2.4.4. Selectivity and Robustness
Selectivity of the method was evaluated by reading samples containing A. judaica oil and others containing thymol after substituting the saturated carbon dioxide solution with water free of carbon dioxide. On the other hand, robustness was evaluated by measuring the response of carbon dioxide signal of stock solution of carbon dioxide kept at 25°C. And then it was changed deliberately within a deviation of ±2°C to study the effect of a slight temperature variation on the carbon dioxide signal. After each IR scan of solutions, droplets were left for 30 min to study the effect of time on the carbon dioxide content.
2.5. Evaluation of Surface Activity of A. judaica Oil on D2 O/CDCl3 Interface by 1 H-NMR Analysis
35 mL of deuterated water (D2 O contains 0.1% H2 O) was added to 0.6 mL deuterated chloroform (CDCl3 , 1% TMS) containing 10 mg of A. judaica oil. 1 H-NMR was scanned from the chloroform layer.
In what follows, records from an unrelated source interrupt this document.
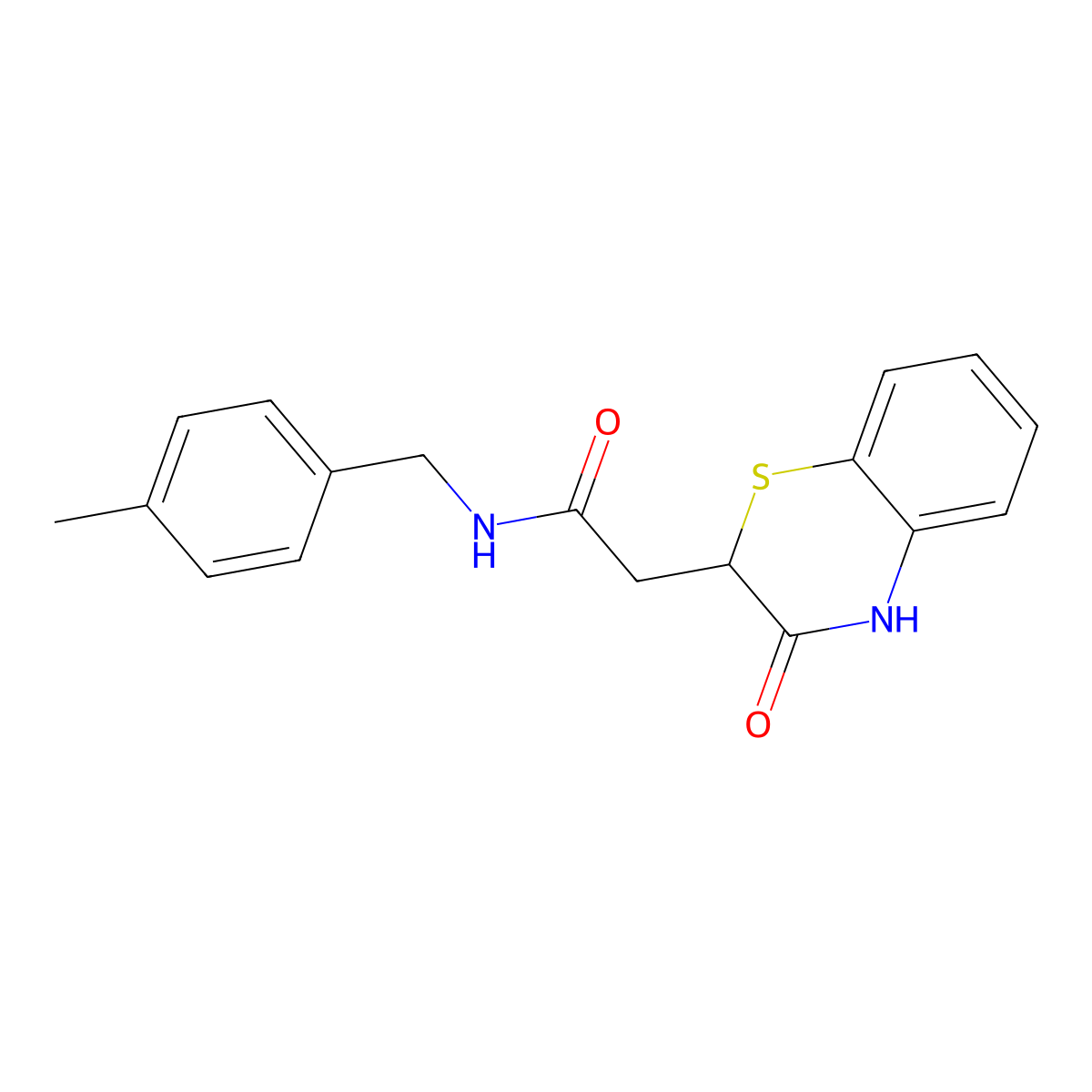 N-(4-methylbenzyl)-2-(3-oxo-3,4-dihydro-2H-1,4-benzothiazin-2-yl)acetamide molecular structure, CAS 860611-81-0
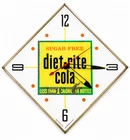 Vintage Diet-Rite Cola Light-Up Wall Clock – Mid-Century Advertising – Works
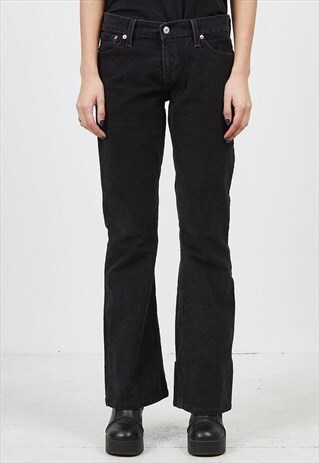 VINTAGE BLACK LEVI'S CORDUROY TROUSERS BOTTOMS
Solubilized content of water in chloroform layer due to surface activity of the essential oil was measured by integration of H2 O signal at chemical shift of 4.8 ppm and TMS signal at zero points. The result was compared with blank solution prepared with the same manner without use of A. judaica oil. The obtained percentage of water in chloroform layer was compared with triplicate results of titration by Karl Fischer reagent using absolute methanol as a solvent.
3. Results and Discussion
3.1. Evaluation of Degassing Effect of A. judaica Oil on CO2 Saturated Solution by FT/ATR-IR Analysis
Carbon dioxide is one of the major gas constituents generated by microflora in the gut lumen [43]. Therefore, the study of antifoaming activity of A. judaica oil against CO2 bubble formation was undertaken. Carbon dioxide has a characteristic IR signal at 2350 cm-1 resulting from asymmetric stretching of carbonyl groups of the molecule (Figure 1) [44]. This peak, predominately, appears in a region that either is usually clear of signals or contains weak peaks [45]. Although the contribution of atmospheric CO2 is trivial relative to the sample CO2 , background spectrum was subtracted from each sample.
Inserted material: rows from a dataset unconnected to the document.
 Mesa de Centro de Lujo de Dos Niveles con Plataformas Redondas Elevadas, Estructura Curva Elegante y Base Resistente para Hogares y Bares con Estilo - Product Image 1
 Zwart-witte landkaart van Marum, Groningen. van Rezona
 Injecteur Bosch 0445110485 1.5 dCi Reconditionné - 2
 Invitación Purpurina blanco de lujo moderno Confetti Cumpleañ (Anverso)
IR and its first derivative analysis for blank CO2 solution (a), CO2 solution treated with paraffin/methanol as negative control (b), CO2 solution treated with A. judaica oil/methanol as tested solution (c), and CO2 solution treated with thymol/methanol as positive control (d). A. judaica reduces the altitude of first derivative signal of CO2 stretching showing almost the absorbance of equal amount of thymol.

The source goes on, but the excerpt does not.